So, The Fat Nutritionist has an awesome post about her and her husband’s decision for him to stay home and how weird it was to have her friends thinking that he was taking advantage of her, when they wouldn’t think twice about a woman in the same role.
She points out that she’s not good at homemaking tasks, because she can only focus on them for a short time. Her husband, on the other hand, is very good at them.
There are a lot of things I love about this post. One is the way it conveys the importance of homemaking. Cooking, cleaning, organizing, all the stuff that makes a family’s life run. It’s a real job, and its effects are major.
It’s only been two weeks, but already things are better. I have my meals more regularly, there are groceries in the house, and the place is clean. He’s done repair jobs that have gone neglected since we moved in. The cats are, again, spoiled by having their preferred human always around, and I’m slowly regaining the energy and time to write, while also seeing the extraordinary clients who put food on our table.
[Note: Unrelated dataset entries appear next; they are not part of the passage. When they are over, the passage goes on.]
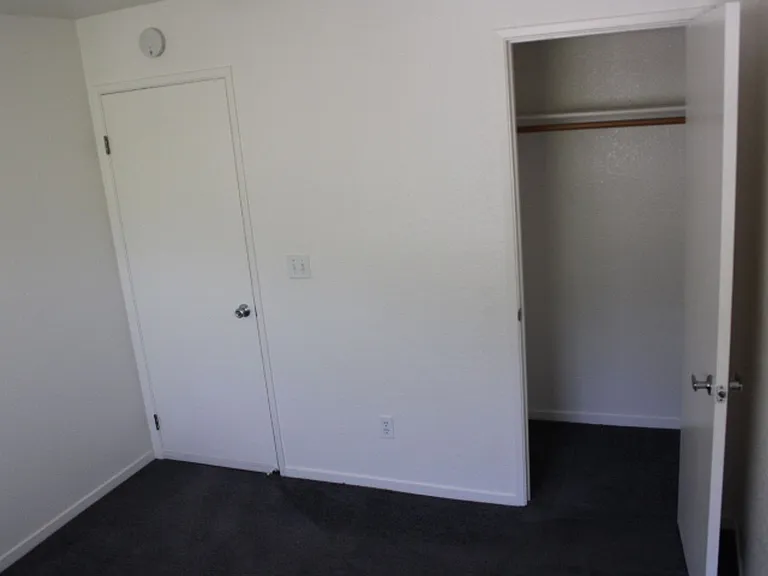 258 Napoli Ct — Photo 8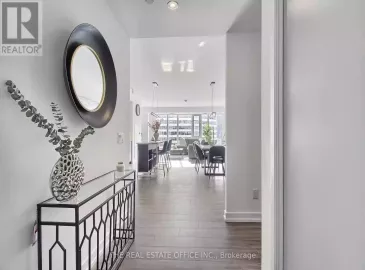 20 Edward Street, Toronto, Ontario M5G0C5, 4 Bedrooms Bedrooms, ,3 BathroomsBathrooms,Single Family,For Lease,Edward,C7306532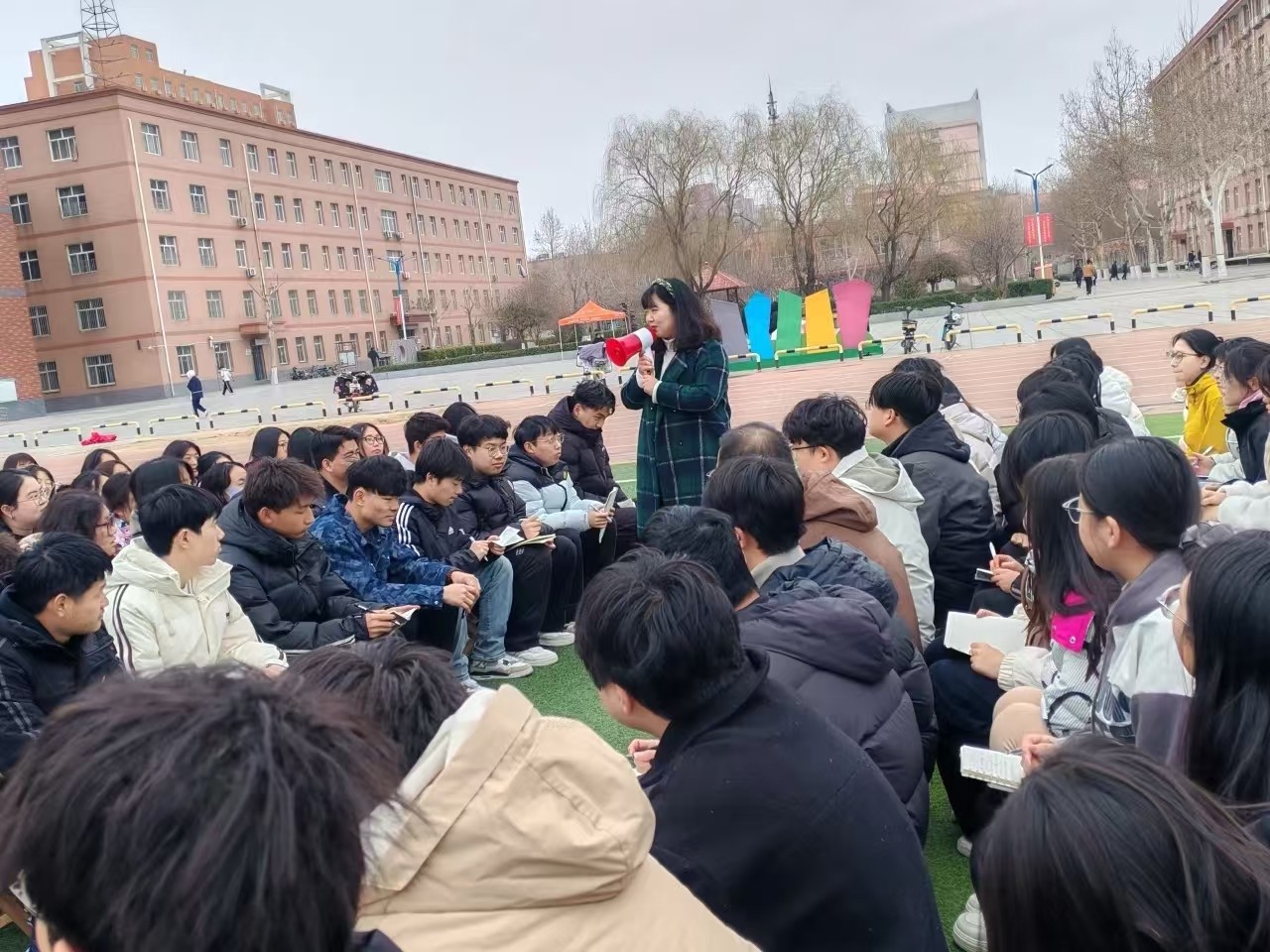 探索職業(yè)航道，校準人生羅盤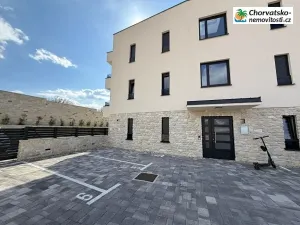 Prodej bytu 2+kk, Novalja, Chorvatsko, 56 m2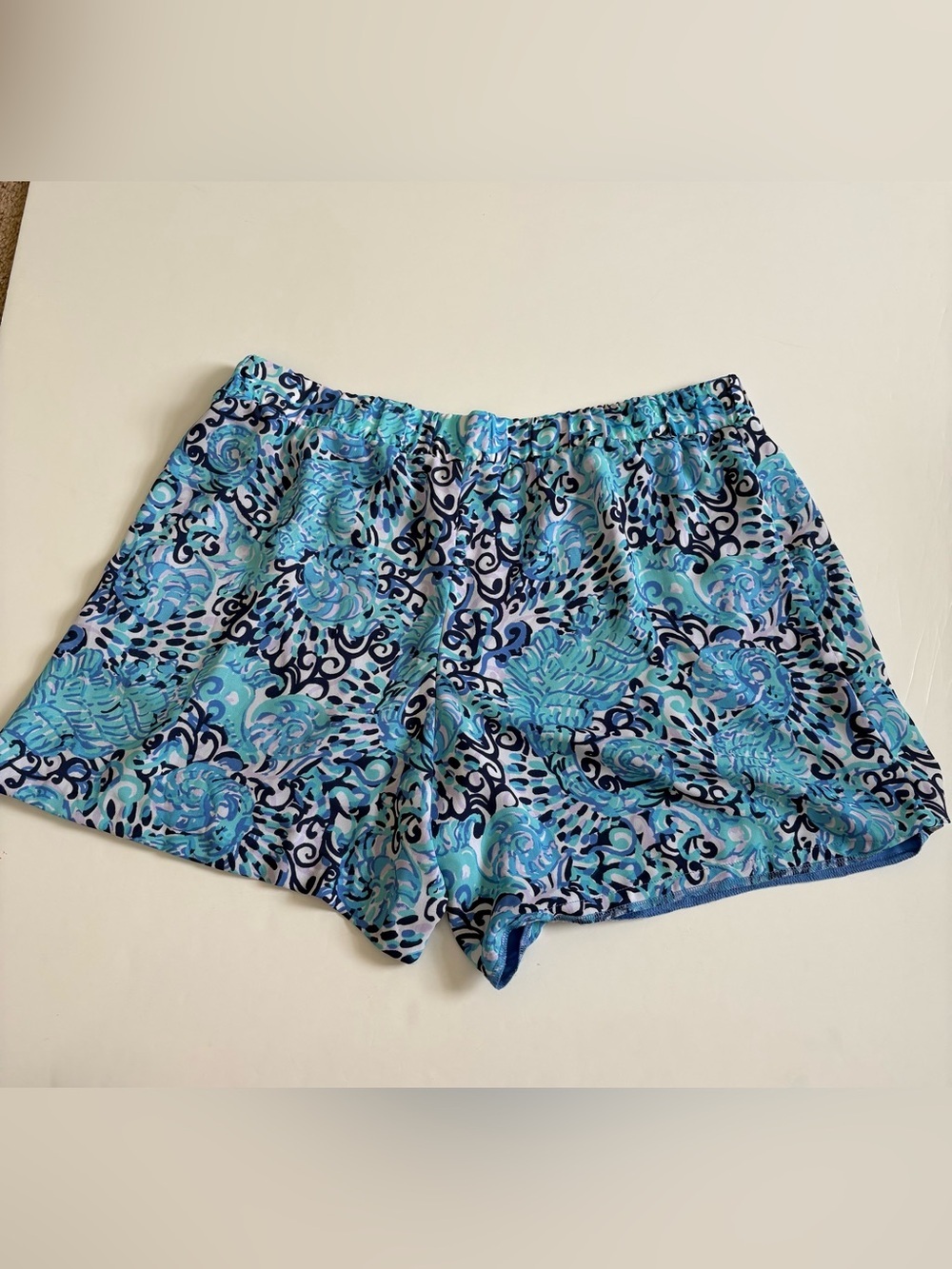 Lilly Pulitzer Mylee Tie Front Shorts Light Aqua Spritz Blue Size 12 *Hem flaw - Picture 3 of 10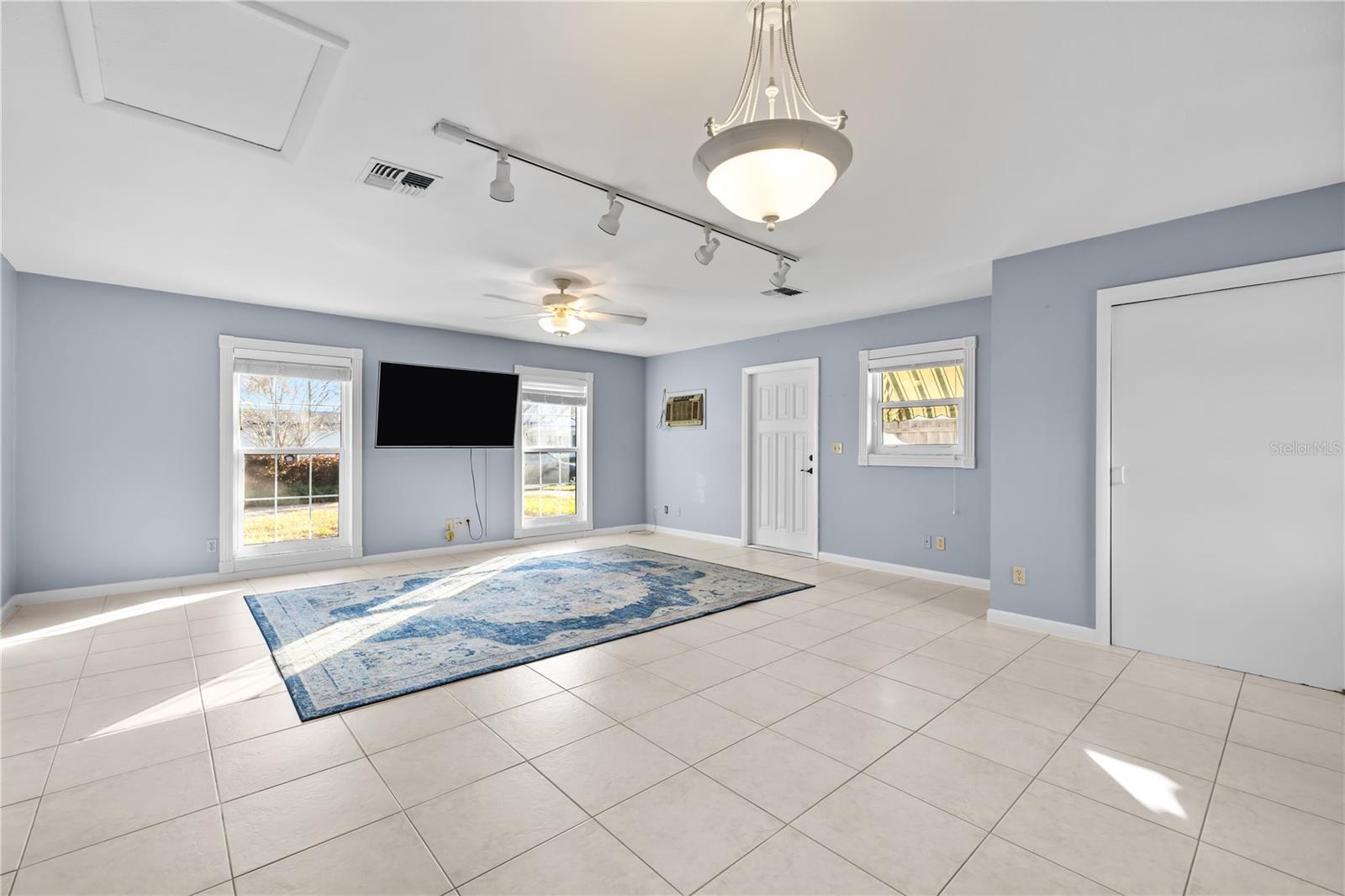 WINSTON PARK - Residential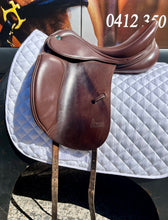 Load image into Gallery viewer, 2nd Hand Prestige Lucky Idol Dressage Saddle C017X
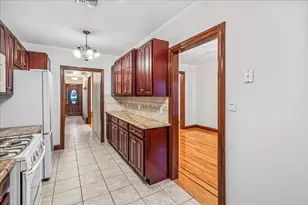 68-48 Juno St, New York City, NY 11375 - Photo 16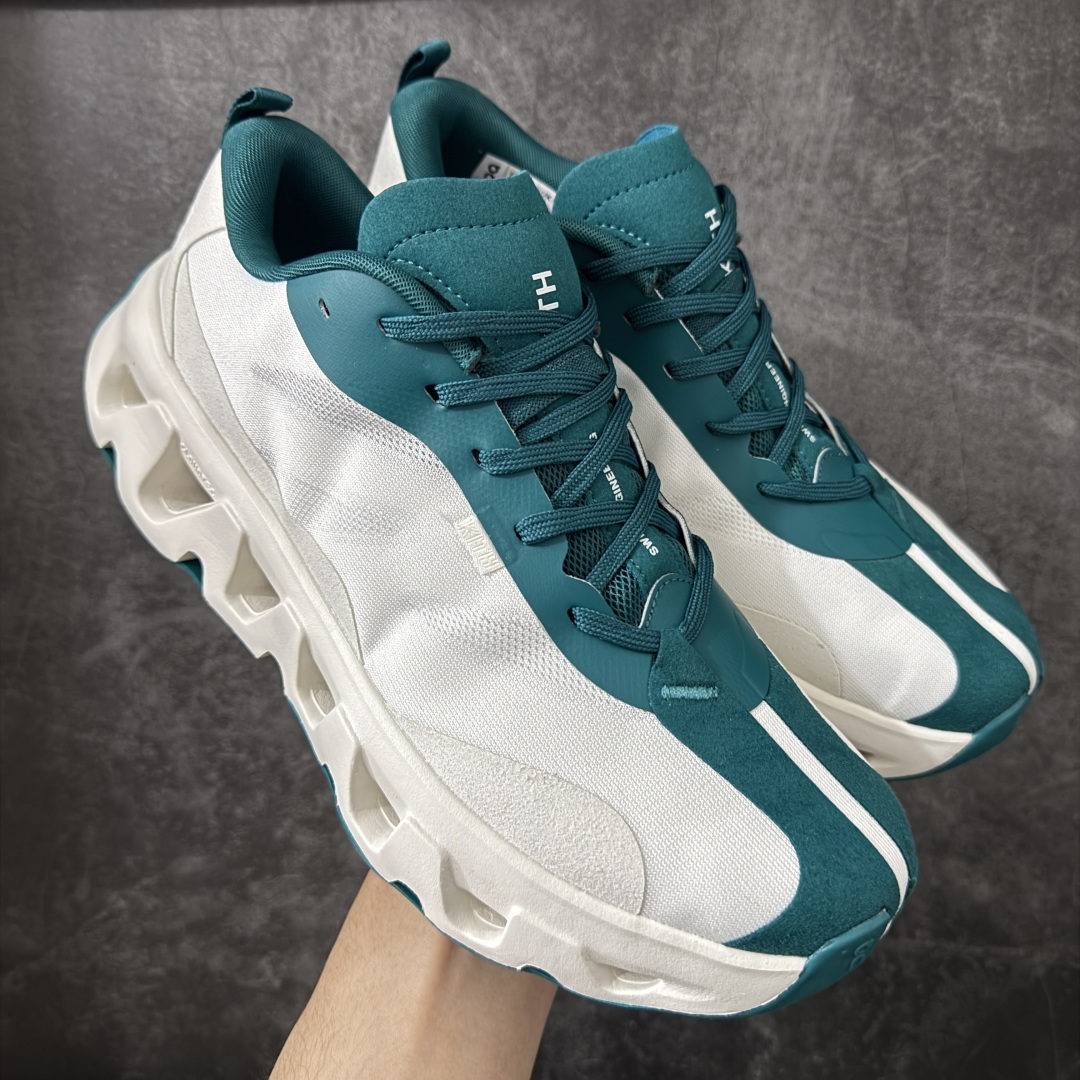 【OG纯原】KITH x ON 昂跑联名 Cloudswift K-Tech 1 系列 3MG10775560 低帮休闲跑步鞋 大厂出品 原版有1比1打造 配件齐全 外贸专供 尺码最大做到46码 市面最高还原度版本 打造最强品质 没有之一 全新开发的鞋面结构，用高透气网布拼了大面积的合成麂皮。这种材质碰撞脱离了普通跑鞋的塑料感，更有时装质感；搭载了On的CloudTec缓震科技和Helion超级泡棉，全新的Cloudswift鞋底结构，脚感和支撑性都拉满，外底还直接刻上了Kith的字母组合，彰显联名身份；翻开鞋底，是定制的Kith Monogram老花外底，既保留了On的专业感，又带点Kith标志性的精致灰调。 尺码：36 36.5 37.5 38 38.5 39 40 40.5 41 42 42.5 43 44 44.5 45 46-选品中心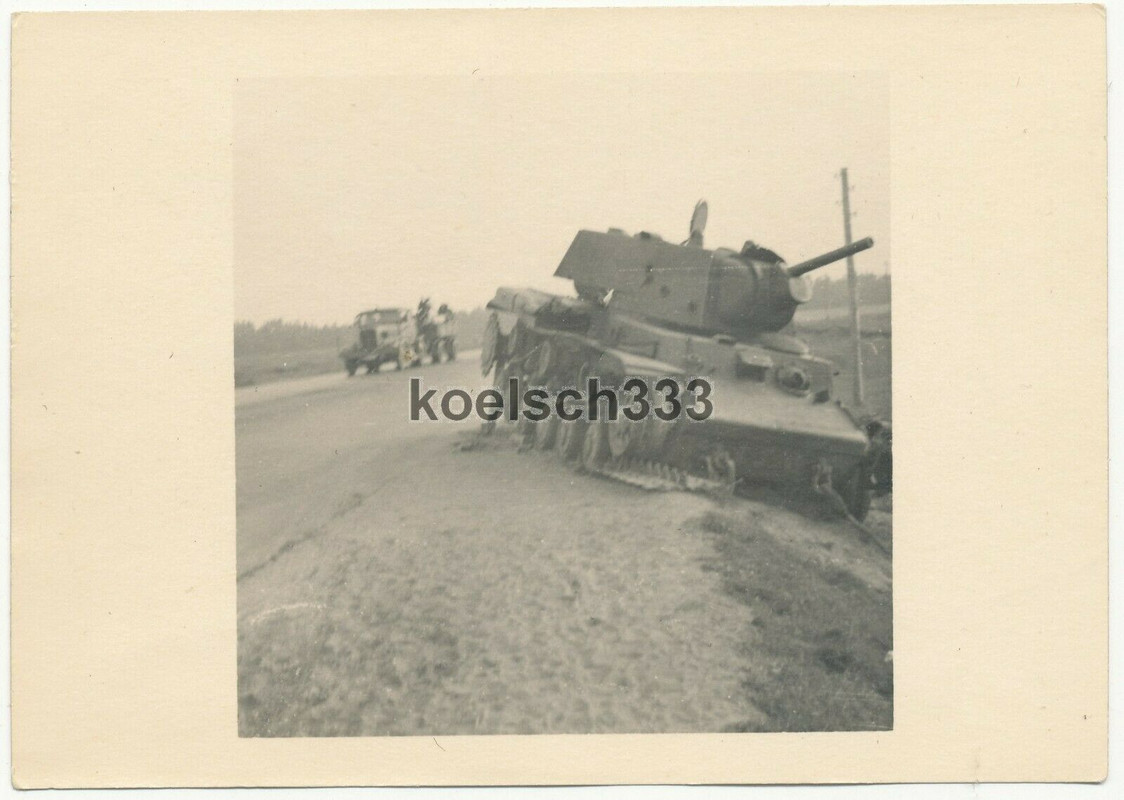 Foto russischer KW-I Panzer auf einer Vormarschstraße hinter Borissow ! Wrack !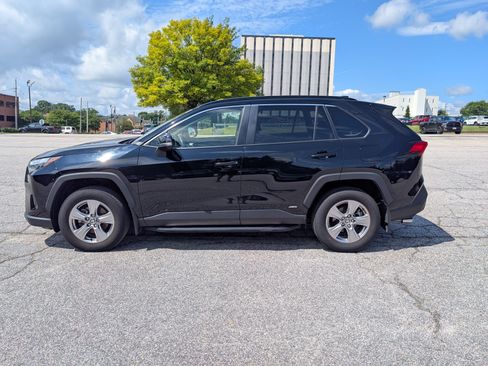 Used 2023 Toyota RAV4 XLE w/ Convenience Package AWD/4WD image 6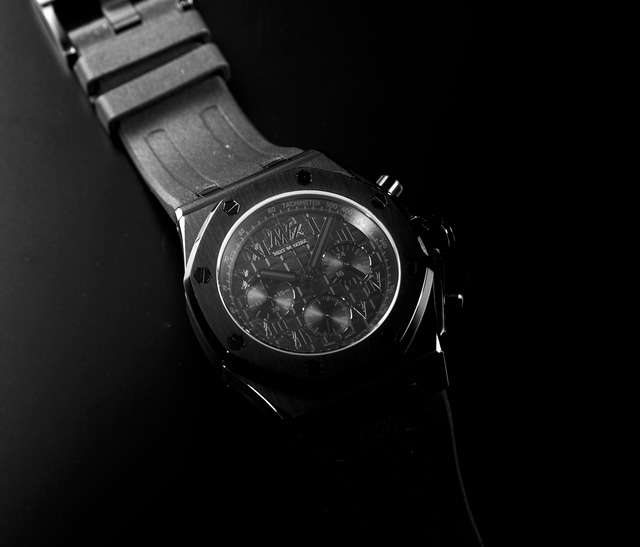 NWZ×OMECO 限定生産モデル 腕時計【BLACK】シリアルナンバー付き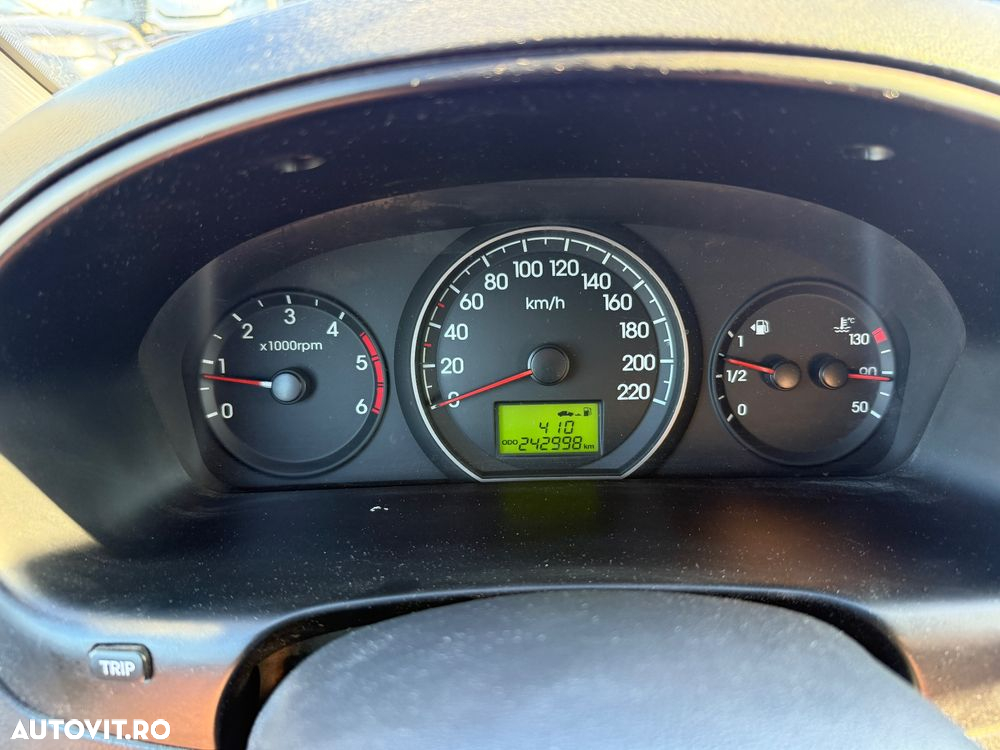 Hyundai H-1 Starex - 9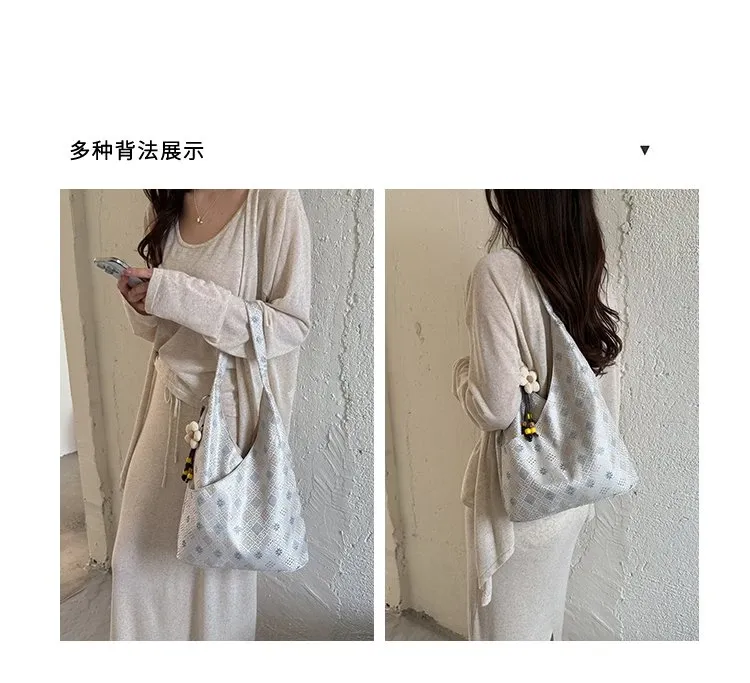 Tas Selempang Wanita Bahan PU Sintetis Motif Print Warna Putih Model Hobo Tali Koleksi Reseller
He’s contented that, instead of helping union-busting assholes make even more profit, his efforts now go toward keeping me sane and helping people, especially women, recover from chronic dieting and fear of food.
Another is the way it highlights the fact that gendered assumptions about who’s good at what are pretty much useless.
One of the conclusions that Matt and I have come to is that he’d make a way better househusband/stay-at-home dad than I would a housewife/stay-at-home mom. Less because of any inherent skills or lack thereof, but more because of personality differences. He’s pretty cool under pressure; I’m easily flustered. With housework especially, I tend to get overwhelmed by the mess and have trouble methodically attacking it one task at a time. I think I’d be an awesome housewife for a month or two, then burn myself out and watch TV and play RIFT for the next month. And I’d alternate between loving it and despising it.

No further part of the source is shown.